Additional sample quality and computational trade-offs are reported in (Goria et al., 16 Dec 2025, Ma et al., 2024).

6. Special Cases, Limit Behaviors, and Discrete Structures

Stochastic interpolants reproduce and generalize many classical and contemporary constructs:

Schrödinger bridges: obtained via entropy-regularized variants or directly as limits of interpolant optimization (Albergo et al., 2023, Ciccone et al., 2020).
Optimal transport: deterministic interpolants under deterministic couplings yield Monge maps; stochastic interpolants with correlated noise recover entropic interpolations (Tsimpos et al., 13 Oct 2025, Léonard, 2013).
Discrete settings: On graphs, displacement interpolations arise as the low-temperature limit of lazy random walks and discrete Schrödinger problems, with $\Gamma$ -convergence to optimal transport on graphs (Léonard, 2013).
Backward interpolation: The Itô–Ventzell/Alekseev–Gröbner stochastic interpolation formulae provide explicit interpolation formulas between two SDE flows, including in anticipative settings (Moral et al., 2019).

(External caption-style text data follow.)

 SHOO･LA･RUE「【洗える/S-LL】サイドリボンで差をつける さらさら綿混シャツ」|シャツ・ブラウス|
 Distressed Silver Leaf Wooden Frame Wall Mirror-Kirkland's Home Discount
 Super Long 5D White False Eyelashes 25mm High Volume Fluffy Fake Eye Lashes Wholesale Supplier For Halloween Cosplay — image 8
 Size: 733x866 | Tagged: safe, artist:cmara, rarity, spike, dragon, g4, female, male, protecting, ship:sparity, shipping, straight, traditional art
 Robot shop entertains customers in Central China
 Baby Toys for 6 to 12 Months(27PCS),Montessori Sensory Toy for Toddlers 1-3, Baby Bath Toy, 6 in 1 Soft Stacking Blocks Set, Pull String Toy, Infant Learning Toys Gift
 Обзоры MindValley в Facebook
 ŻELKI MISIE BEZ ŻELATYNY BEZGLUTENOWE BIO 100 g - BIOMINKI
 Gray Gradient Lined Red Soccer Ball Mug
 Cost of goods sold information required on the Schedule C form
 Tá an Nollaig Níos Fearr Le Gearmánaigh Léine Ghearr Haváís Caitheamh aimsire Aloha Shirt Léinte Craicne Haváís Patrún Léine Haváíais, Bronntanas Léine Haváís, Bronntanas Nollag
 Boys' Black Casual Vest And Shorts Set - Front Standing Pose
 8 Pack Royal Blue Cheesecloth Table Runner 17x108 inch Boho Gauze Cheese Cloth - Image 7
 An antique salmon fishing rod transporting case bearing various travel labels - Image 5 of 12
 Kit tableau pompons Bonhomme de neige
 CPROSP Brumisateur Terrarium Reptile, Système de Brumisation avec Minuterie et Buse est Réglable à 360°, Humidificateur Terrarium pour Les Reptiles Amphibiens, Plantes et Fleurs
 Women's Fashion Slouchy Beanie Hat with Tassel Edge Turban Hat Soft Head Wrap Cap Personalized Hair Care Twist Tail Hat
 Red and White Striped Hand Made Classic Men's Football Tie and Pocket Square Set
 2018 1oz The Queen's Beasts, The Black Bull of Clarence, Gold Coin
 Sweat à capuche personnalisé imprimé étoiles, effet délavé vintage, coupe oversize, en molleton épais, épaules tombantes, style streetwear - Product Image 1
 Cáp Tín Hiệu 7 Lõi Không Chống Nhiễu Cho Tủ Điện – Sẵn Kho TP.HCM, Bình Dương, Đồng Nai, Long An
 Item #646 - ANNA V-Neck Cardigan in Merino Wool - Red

7. Unifying Perspective and Future Directions

Stochastic interpolant transports unify flow-based, diffusion-based, and control-based generative frameworks. They offer a modular and tunable approach to interpolating between distributions, supporting deterministic and stochastic evolution, explicit density calculations, likelihood estimation, and critical regularity guarantees. Their recent extensions to Riemannian manifolds, high-dimensional sampling, reward-based control problems, and graph-structured data further expand their scope (Wu et al., 22 Apr 2025, George et al., 1 Feb 2025, Potaptchik et al., 26 Dec 2025, Léonard, 2013).

Ongoing research addresses open problems in importance-weighted corrections, hyperparameter schedule optimization, scaling to high-dimensional structured data, and the design of interpolants which admit exact or low-curvature ODE flows. Stochastic interpolant transports stand as a central paradigm in contemporary generative modeling and probabilistic representation learning.